• [Brief] What are the lines below, starting at the line containing "PlayStation 2 (PS2) con mandos y volante" and ending at the line containing "627 E Empire Ave - Photo 4"? Write them out exactly, ends included, without pictures.

• [Data]

┌────────

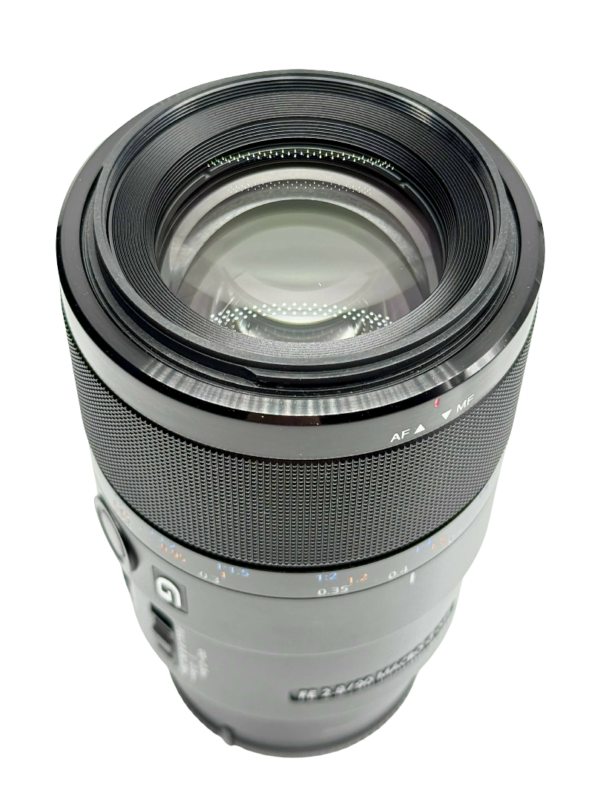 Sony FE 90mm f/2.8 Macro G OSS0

└────────
┌────────

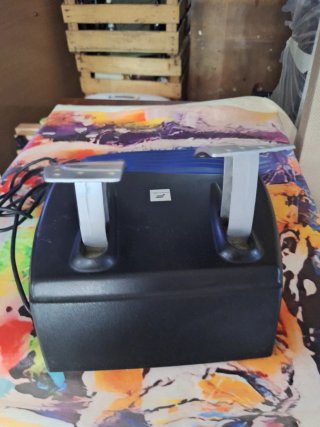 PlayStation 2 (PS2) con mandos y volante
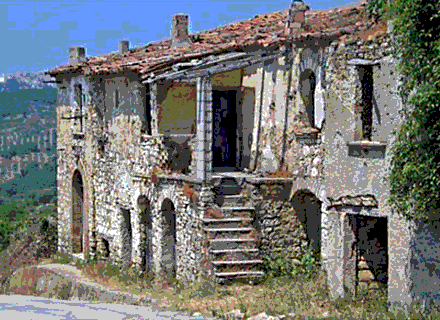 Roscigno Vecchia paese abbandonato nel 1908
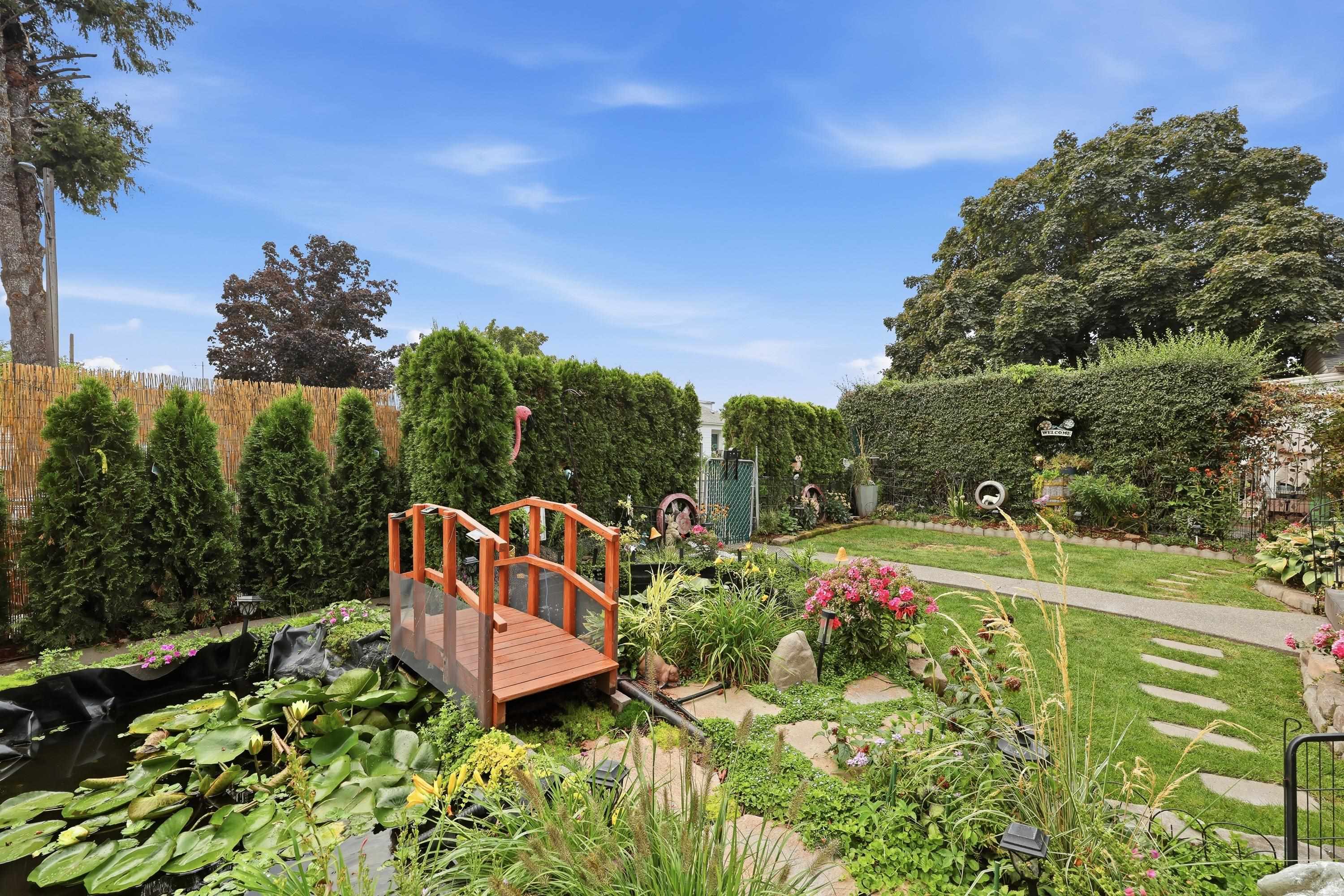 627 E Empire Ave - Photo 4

└────────

• [Exercise response]
 PlayStation 2 (PS2) con mandos y volante
 Roscigno Vecchia paese abbandonato nel 1908
 627 E Empire Ave - Photo 4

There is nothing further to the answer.